#### Data excerpts
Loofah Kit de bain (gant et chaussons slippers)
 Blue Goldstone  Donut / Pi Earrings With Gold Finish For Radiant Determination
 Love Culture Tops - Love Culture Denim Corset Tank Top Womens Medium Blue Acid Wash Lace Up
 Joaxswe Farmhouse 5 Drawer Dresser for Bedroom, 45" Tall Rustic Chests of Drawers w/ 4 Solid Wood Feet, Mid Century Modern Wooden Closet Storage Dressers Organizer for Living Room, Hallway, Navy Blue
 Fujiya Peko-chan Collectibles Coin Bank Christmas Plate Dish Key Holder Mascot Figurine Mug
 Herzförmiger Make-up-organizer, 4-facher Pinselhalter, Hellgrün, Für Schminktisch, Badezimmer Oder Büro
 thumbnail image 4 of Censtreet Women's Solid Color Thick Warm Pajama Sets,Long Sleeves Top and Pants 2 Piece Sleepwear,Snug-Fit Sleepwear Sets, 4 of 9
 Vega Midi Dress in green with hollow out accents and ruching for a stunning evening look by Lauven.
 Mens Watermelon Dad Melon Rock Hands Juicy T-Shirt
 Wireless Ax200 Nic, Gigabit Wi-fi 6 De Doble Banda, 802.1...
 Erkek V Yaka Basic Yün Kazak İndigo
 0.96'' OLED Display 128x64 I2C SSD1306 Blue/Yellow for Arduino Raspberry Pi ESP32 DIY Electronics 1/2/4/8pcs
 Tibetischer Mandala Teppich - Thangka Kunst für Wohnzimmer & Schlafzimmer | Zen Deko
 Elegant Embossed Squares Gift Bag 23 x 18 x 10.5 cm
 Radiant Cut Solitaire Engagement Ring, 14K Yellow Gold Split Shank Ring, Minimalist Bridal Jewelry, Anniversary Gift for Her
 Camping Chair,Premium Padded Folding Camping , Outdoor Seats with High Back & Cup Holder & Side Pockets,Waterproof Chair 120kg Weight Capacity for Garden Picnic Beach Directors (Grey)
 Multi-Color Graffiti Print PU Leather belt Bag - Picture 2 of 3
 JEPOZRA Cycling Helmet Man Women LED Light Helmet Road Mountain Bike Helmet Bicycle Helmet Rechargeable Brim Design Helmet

#### Problem
For each line in the entries that contains the string "Solid", make a copy.

#### Answer space
 Joaxswe Farmhouse 5 Drawer Dresser for Bedroom, 45" Tall Rustic Chests of Drawers w/ 4 Solid Wood Feet, Mid Century Modern Wooden Closet Storage Dressers Organizer for Living Room, Hallway, Navy Blue
 thumbnail image 4 of Censtreet Women's Solid Color Thick Warm Pajama Sets,Long Sleeves Top and Pants 2 Piece Sleepwear,Snug-Fit Sleepwear Sets, 4 of 9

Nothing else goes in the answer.